Pengenalan sastra lisan batak atau katakanlah hata batak kepada generasi muda batak sekarang ini adalah dengan menggunakan alternatif yaitu penggunakan bahasa batak yang baik dan benar dalam lagu-lagu batak. Satu dari beberapa lagu Batak yang dapat dikategorikan ke dalam sastra lisan Batak adalah ciptaan Sakkan Sihombing dengan judul lagu Tabo Ni Na Marhaha Anggi.
Lirik pertama dari lagu tersebut mengandung sebuah umpasa yang arti atau maknya sama dengan pantun; Tampulan Si Baganding/Di Dolok Ni Pangiringan/ Horas Hita Na Marhaha Anggi/ Marsipairing-iringan.

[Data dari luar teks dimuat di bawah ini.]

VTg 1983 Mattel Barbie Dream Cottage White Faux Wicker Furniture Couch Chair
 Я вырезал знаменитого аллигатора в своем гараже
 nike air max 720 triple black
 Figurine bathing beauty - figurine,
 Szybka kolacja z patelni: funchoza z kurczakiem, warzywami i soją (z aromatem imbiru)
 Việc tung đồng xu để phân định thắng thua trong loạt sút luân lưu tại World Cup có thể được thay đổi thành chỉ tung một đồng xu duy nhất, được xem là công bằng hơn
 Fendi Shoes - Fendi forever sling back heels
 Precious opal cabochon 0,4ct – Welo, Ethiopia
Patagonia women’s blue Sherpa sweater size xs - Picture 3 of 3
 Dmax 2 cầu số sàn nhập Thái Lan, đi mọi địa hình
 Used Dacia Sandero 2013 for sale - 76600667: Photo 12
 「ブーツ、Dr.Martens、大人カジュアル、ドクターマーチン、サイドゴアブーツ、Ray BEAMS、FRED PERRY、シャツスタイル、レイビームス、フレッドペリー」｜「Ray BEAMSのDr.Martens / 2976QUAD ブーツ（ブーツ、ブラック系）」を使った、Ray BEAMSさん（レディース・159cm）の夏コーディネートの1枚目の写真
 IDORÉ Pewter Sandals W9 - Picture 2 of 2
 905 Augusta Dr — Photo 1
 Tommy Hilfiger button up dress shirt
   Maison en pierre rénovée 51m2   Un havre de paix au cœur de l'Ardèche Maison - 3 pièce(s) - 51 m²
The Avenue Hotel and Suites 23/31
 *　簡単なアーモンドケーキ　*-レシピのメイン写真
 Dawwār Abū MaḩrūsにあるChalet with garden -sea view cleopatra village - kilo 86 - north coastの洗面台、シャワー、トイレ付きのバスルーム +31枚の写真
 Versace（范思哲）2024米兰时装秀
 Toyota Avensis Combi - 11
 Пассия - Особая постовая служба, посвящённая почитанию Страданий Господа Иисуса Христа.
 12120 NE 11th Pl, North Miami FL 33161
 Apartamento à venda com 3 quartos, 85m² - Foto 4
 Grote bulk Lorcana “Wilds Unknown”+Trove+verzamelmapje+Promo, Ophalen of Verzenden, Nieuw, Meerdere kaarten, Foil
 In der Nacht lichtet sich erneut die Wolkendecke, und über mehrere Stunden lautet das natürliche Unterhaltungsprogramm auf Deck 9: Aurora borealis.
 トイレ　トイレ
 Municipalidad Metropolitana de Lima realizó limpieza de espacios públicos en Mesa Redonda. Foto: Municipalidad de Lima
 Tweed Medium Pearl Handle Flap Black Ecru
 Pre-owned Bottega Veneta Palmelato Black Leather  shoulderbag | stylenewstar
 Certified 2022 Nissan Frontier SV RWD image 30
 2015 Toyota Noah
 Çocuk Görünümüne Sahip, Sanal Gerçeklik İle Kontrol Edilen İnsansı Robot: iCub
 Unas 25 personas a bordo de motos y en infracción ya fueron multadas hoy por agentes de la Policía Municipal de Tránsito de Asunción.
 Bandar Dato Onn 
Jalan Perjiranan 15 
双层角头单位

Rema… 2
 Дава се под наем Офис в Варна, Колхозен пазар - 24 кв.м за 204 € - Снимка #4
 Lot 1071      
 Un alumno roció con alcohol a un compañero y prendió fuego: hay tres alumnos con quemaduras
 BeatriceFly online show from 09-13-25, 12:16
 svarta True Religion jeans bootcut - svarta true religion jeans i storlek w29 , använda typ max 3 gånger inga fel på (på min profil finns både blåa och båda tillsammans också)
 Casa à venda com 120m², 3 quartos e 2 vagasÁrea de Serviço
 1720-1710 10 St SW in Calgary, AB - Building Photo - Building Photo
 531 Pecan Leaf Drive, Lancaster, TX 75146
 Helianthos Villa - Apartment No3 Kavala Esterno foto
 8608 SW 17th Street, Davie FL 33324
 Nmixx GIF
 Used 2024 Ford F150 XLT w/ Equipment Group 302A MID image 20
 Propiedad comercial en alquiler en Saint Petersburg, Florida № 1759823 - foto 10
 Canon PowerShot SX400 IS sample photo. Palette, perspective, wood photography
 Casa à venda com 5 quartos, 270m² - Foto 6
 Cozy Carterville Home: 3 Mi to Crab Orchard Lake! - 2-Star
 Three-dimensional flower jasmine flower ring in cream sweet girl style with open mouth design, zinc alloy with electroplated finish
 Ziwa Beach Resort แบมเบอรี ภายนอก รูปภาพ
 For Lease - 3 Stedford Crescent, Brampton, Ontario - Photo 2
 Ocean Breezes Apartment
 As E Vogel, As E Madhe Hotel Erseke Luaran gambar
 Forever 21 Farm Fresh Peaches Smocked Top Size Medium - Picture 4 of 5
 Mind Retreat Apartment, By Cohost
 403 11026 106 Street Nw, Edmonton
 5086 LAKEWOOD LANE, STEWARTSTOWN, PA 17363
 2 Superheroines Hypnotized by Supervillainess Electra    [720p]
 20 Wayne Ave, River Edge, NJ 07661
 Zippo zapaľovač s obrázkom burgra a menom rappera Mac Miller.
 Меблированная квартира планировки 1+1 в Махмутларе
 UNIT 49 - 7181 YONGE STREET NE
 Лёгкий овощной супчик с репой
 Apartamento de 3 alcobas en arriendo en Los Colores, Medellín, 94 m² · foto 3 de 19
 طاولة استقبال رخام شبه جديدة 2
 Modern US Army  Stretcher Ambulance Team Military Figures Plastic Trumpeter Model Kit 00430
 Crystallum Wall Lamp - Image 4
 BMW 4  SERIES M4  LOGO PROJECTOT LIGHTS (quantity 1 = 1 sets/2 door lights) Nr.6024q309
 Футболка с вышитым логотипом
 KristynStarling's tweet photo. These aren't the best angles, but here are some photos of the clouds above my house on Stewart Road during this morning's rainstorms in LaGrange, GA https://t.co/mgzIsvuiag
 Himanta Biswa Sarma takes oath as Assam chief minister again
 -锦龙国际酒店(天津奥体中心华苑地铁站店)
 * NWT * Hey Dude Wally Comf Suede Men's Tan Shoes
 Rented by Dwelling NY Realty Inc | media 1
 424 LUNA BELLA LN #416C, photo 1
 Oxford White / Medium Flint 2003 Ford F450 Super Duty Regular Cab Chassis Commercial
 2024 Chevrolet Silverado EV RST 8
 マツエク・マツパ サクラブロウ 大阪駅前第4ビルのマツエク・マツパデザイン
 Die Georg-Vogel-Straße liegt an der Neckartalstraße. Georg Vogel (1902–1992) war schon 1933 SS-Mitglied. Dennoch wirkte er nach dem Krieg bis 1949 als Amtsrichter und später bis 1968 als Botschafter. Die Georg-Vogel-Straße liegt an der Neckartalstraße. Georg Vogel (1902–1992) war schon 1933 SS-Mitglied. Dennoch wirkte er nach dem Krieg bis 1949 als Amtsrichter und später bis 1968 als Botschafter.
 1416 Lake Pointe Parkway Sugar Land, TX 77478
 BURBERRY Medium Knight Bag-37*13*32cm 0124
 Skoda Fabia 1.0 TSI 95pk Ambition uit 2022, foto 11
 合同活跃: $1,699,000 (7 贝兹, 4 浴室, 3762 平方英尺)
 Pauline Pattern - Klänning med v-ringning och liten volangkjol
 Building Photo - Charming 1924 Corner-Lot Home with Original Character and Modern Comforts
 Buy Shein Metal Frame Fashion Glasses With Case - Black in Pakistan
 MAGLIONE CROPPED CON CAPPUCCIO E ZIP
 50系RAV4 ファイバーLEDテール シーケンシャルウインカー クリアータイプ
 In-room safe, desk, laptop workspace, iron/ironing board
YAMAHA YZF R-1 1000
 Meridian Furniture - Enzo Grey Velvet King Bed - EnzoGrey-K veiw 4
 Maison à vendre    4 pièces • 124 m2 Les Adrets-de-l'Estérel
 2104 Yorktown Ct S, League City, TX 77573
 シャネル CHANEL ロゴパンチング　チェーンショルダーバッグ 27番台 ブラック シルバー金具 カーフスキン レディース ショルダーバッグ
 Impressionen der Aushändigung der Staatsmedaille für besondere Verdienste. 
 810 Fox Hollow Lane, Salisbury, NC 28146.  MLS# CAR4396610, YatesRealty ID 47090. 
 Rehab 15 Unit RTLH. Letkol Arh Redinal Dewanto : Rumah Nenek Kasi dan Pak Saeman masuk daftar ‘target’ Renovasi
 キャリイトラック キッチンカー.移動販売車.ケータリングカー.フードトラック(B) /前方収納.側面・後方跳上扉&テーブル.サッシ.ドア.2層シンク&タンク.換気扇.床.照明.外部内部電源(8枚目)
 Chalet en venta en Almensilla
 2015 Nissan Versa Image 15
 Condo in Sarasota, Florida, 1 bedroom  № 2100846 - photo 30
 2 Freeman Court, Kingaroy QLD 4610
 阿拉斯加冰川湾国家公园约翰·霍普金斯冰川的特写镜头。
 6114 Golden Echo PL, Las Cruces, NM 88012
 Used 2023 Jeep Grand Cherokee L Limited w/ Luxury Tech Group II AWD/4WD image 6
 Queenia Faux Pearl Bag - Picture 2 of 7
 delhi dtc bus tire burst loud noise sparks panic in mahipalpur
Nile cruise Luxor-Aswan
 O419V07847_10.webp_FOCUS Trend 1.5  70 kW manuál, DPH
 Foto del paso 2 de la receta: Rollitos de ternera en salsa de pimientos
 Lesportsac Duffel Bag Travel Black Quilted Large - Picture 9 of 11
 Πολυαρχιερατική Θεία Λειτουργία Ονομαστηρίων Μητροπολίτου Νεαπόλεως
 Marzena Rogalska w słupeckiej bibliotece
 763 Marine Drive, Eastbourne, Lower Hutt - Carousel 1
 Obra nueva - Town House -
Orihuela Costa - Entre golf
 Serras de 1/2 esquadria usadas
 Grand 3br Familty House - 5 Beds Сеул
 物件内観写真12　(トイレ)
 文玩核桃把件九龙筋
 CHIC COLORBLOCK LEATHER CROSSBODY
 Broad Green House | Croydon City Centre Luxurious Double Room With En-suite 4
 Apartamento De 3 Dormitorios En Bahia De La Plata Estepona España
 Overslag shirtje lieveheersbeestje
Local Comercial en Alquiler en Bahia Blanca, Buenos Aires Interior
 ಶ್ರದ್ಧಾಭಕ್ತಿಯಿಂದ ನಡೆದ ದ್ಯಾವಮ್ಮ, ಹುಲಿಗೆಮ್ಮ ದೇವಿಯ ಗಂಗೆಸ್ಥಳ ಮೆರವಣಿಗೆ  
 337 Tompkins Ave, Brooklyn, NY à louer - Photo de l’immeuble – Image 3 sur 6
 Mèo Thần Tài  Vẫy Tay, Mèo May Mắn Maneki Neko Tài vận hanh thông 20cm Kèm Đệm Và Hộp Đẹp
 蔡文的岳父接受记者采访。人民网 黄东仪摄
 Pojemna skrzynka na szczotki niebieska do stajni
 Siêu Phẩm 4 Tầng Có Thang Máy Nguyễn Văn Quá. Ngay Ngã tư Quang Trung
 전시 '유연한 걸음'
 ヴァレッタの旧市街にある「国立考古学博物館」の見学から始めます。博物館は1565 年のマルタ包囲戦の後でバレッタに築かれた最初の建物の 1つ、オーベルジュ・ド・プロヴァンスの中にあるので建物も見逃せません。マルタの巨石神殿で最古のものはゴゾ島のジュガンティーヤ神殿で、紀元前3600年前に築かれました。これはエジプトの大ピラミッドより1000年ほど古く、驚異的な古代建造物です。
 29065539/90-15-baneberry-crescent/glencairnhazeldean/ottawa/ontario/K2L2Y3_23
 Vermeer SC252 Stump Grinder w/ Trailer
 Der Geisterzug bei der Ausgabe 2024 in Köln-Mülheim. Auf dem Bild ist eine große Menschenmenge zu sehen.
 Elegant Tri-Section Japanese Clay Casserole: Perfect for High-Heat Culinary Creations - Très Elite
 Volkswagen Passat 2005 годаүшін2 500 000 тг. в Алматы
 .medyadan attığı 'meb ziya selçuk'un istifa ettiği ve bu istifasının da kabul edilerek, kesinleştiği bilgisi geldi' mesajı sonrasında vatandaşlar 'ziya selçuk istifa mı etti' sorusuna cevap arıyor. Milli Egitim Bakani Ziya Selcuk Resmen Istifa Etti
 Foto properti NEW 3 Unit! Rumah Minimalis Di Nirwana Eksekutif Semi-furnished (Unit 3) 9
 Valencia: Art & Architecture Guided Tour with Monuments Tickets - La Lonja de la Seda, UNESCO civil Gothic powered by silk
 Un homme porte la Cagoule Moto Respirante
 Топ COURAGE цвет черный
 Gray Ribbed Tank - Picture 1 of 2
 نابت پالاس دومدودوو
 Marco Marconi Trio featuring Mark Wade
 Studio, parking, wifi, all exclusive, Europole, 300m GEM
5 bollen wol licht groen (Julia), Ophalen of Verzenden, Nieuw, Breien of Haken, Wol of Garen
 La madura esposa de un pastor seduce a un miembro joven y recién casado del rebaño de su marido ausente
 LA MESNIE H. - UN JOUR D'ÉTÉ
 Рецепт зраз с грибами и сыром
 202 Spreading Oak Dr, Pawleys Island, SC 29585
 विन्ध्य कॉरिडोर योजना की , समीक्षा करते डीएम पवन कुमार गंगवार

     Umpasa tersebut mengandung nilai edukatif yang secara tidak langsung menyampaikan nilai tersebut kepada pendengar -yang mencerminkan betapa besar rasa persaudaraan- kasih sayang antara abang dan adik dalam bangso batak. Sehati - sepikir - saling membantu.
Hal ini perlu sekali ditekankan kepada generasi muda Batak untuk mampu memahami umpasa tersebut serta mampu mengaplikasikannya dalam kehidupan sehari-hari. Paling menarik dalam lagu tersebut adalah bahwa yang menyenandungkannya adalah naposo bulung atau anak muda - yaitu Simbolon Kid’s.
     Secara tidak langsung ini mengajarkan sastra Batak kepada generasi muda Batak yaitu lewat lagu yang disenandungkan oleh teman seumurnya.
Umpasa Batak dapat dikategorikan dalam; Umpasa Ni Dakdanak atau Pantun Anak-anak, baik dalam bentuk dukacita atau sukacita, Umpasa Ni Na Poso atau Pantun Orang Muda baik dalam menceritakan nasib, perkenalan, percintaan, perpisahan, berdukacita dan jenaka dan Umpasa Ni Na Matua atau Pantun Orang Tua baik dalam agama, nasihat, dan adat.
     Selain dari umpasa, sastra lisan Batak juga dikategorikan atas; Hutinsa dikenal dalam Batak Toba sedangkan dalam Batak Simalungun dikenal dengan Hutinta, Limbaga, Tabas atau Mantera, Tonggo-tonggo dan Andung-andung yang dikenal dalam Batak Toba dan Tangis-tangis dalam Batak Simalungun. Dari beberapa sastra lisan batak yang penulis temukan dalam lagu Batak selain umpasa adalah Andung-andung ciptaan Soritua Manurung dengan judul lagu Tihas So Tarpabuni.
Keseluruhan lirik lagu tersebut mengandung Andung-andung seorang anak yang menginginkan Ayahnya kembali, karena telah menikah lagi dengan wanita lain agar pulang dan segera berdamai dengan Ibunya.  Lagu lain yang penulis temukan adalah lagu yang disenandungkan oleh Eddy Silitonga dengan judul Andung-andung Ni Anak Siampudan - yang dalam kesemua lirik lagunya mangandung ratapan anak bungsu yang pulang kampung dan mendapat kabar bahwa Ibunya telah meninggal.
     Penulis berasumsi, dalam menyelamatkan bahasa ibu - bahasa Batak perlu kiranya ada dorongan atau inisiatif sendiri dari orang tua agar lebih memerhatikan lagu Batak yang memang menggunakan bahasa Batak yang baik dan benar untuk didengar anak-anaknya, yang  mengandung nilai edukatif. Selaku bangso Batak, harus mampu mengenal sastra lisan Batak baik itu dari sebuah lagu.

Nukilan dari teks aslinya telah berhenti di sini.